Getting Real About Employee Retention
Recently I had a conversation with an HR leader outside of the digital advertising and marketing business. In the course of that conversation, I matter of factly told her that 25% attrition every year is not unusual in digital advertising.
She told me her company had 12%, and that she was trying to get it down to about 10%. That 25% was nothing sort of an indicator of cultural disaster – an environment where people questioned their role in the larger organization and had remarkably low org loyalty.
I was about to “blame the entitled Millennials” who populate the entry and middle ranks of your typical agency, when I realized that attrition north of 20% has been de rigeur since I started in the business – some twenty-mumble years ago.
So it’s not them.
It’s us. OK, OK, your agency may do better than 25%. But few would dispute the idea that turnover in digital advertising is very high.
And I got to thinking about the culture of negative feedback that most agencies foster. When someone talks to you about your work, it’s usually because there is a problem.
OMG one of the banners has the wrong tag.
The spreadsheet isn’t adding up right.
Not to diminish the importance of these sorts of problems, but a culture that operates mostly on such feedback is destined to be a revolving door for its employees.
At most agencies, errors receive the lion’s share of attention, and I think this is partly to do with the travesty that we call compensation models these days. The most profitable state in this new age of compensation tends to be homeostasis. But whatever the reason, it seems clear that we need to do a better job recognizing great work.
And make no mistake, offering strong recognition is profoundly ROI positive. Consider the data from the Towers Perrin Global Workforce Study (2009) which revealed the following:
When researchers compared survey results with financial data of the surveyed organizations, they found that companies with high employee engagement had a 19% increase in operating income and a 28% increase in earnings per share. In contrast, companies with poor employee engagement scores had declining operating incomes and an 11% drop in earnings per share.
(Source: The Value and ROI in Employee Recognition ©2009 Human Capital Institute)
Many other studies corroborate these findings.
Which is why I was so taken recently with a start-up called Kudos, which has created a platform through which people in an organization get rewarded by their peers for their good efforts.
Kudos is a SaaS offering that gives employees of participating companies a “bank” of Kudos points to award when the people they work with do a great job.
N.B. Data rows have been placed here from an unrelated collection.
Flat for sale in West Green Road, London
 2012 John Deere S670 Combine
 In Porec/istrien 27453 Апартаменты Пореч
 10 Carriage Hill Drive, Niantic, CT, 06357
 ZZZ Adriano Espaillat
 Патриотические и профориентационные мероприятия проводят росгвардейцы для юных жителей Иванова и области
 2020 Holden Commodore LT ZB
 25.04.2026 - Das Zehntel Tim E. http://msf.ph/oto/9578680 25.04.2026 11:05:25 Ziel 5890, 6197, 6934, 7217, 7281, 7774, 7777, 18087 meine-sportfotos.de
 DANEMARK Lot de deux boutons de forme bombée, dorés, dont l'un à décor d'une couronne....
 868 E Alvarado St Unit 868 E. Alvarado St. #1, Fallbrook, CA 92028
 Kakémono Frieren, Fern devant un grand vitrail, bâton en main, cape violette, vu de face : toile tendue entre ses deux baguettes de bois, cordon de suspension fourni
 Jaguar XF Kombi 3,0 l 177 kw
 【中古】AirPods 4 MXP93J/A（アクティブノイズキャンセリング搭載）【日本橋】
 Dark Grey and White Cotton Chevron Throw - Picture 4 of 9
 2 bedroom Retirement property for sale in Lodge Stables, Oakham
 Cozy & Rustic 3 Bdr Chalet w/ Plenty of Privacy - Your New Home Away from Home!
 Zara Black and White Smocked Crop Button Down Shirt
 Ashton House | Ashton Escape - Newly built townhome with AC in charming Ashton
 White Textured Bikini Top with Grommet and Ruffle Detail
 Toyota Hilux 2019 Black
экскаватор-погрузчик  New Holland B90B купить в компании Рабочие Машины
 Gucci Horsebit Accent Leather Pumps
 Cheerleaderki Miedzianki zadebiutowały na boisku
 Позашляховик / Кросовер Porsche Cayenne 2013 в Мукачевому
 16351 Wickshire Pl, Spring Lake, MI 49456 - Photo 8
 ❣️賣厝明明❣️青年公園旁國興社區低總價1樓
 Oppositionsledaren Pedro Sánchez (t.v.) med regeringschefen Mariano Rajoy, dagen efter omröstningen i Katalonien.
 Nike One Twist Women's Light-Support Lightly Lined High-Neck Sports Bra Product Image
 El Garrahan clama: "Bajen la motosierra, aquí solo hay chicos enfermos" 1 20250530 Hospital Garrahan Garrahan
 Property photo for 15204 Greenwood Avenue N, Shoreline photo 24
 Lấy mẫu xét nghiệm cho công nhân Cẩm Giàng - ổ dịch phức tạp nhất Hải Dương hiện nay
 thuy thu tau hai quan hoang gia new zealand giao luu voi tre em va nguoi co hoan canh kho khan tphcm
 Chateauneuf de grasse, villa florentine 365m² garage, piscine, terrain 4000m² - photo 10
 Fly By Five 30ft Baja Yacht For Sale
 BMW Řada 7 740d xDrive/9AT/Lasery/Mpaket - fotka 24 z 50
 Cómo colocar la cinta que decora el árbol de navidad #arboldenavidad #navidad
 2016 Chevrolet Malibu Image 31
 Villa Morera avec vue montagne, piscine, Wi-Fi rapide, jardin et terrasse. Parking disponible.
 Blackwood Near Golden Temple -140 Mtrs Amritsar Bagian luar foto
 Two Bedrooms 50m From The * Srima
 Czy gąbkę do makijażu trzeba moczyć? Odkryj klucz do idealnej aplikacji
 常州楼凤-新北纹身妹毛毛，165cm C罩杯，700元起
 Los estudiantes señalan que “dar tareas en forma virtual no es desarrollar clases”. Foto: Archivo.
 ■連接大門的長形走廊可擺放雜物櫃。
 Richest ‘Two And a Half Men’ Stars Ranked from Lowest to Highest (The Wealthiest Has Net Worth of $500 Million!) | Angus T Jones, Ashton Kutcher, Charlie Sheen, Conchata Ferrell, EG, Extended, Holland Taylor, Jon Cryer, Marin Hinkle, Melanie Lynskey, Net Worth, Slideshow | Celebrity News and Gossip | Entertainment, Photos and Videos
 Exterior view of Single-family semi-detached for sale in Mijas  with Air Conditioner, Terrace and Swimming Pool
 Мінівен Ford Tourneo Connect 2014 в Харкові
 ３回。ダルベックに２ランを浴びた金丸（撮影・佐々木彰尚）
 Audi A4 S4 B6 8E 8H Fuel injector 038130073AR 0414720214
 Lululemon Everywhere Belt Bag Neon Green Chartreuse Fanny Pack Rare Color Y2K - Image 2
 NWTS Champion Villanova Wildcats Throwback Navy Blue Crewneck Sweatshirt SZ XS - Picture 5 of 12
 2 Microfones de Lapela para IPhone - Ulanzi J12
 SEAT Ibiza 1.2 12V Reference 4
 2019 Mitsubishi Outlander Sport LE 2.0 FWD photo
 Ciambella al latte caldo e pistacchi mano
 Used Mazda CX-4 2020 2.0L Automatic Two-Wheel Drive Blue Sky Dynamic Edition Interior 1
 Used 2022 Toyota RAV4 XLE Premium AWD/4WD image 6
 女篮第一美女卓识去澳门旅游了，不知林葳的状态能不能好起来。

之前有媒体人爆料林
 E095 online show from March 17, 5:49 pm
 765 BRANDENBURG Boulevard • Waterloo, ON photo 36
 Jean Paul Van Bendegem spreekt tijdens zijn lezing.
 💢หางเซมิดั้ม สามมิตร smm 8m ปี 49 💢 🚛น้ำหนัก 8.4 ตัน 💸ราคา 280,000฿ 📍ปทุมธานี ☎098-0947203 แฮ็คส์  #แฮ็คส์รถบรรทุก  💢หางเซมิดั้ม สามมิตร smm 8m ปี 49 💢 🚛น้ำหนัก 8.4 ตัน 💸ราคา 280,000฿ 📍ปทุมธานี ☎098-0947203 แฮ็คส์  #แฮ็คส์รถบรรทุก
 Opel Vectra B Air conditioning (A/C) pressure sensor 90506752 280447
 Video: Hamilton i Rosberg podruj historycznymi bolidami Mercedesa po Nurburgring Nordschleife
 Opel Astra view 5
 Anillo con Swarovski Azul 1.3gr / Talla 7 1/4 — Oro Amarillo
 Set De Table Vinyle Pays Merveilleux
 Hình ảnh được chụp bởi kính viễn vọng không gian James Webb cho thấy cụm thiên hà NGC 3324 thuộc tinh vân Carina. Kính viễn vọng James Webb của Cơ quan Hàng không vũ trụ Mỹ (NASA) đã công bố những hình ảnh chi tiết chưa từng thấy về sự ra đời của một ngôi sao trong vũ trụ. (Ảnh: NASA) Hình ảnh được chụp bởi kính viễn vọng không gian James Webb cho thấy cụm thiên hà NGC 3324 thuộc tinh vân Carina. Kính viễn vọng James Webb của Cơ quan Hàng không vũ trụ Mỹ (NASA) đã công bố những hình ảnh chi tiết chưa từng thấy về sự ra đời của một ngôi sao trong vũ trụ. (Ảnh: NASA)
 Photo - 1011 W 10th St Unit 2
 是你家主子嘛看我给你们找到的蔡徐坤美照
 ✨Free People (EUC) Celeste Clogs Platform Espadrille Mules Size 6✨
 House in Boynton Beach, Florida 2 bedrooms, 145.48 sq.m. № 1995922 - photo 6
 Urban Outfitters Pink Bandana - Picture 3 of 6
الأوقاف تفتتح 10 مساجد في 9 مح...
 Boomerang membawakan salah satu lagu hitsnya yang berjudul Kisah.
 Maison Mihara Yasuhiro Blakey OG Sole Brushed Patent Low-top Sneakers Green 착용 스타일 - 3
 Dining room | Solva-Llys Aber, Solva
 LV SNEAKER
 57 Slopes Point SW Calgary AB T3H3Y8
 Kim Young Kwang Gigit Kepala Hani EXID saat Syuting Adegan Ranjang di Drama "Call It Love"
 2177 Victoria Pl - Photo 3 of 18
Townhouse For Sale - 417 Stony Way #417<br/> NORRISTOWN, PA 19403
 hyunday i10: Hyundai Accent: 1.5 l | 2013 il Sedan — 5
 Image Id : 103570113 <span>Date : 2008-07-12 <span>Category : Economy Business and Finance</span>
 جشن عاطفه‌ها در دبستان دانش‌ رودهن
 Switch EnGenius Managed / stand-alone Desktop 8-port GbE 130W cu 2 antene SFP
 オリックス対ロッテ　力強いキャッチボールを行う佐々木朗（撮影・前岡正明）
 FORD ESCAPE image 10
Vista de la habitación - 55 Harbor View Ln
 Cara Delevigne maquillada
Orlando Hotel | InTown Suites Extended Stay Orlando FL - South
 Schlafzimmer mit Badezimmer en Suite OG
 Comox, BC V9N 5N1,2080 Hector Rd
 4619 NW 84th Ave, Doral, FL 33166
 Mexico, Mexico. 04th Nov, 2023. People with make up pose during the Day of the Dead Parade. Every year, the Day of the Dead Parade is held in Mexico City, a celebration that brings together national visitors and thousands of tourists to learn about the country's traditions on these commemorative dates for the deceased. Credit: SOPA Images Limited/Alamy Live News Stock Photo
For example, everyone in a Kudos program is given an inventory of Kudos points monthly to give away, typically ranging from 100 to 300 depending on their role and responsibilities. Recognition is given in 4 levels from a Thank You for 5 points to recognize a kind gesture or being helpful in any way to an Exceptional for 50 points for significant accomplishments. Employees receive these credits through the Kudos online interface. The sender can also indicate why they gave the kudos by checking off a quality or skill they observed along with a brief message of recognition that can made public to the broader team.
Kudos point system is a great fit for internal reward & bonus programs, where Kudos points can be used to provide threshold rewards for achieving a point level in any given month to helping determining bonus allocations based on total Kudos points and comments. The point system was also devised to allow organizations to easily monetize the points for redemption by assigning a dollar value to the points.
Planned additions to Kudos will allow organizations to set up the monetization and redemption program right through Kudos in 2012 where employees can redeem their points for real world goods through the Kudos site. These can be virtually anything, of course, but Kudos say that gift cards, company parking, corporate apparel, and company product are particularly cost effective options.
While the service offers many benefits and features, costs are rather reasonable. Five users or less is Free and paid programs will begin at $49 + $1 per user per month. It’s a pay as you go offering, so no contracts.
Given the potential benefits of recognition, it seems to me that the prospects for success for Kudos are very high. While the opportunity may be less acute in other industries than it is in digital marketing, I think it’s clear that we all need to do a much better job on the positive recognition front. ROI growth depends upon it.
Does it seem like a daunting challenge? Well, take heart. The path forward ALWAYS begins with a single step.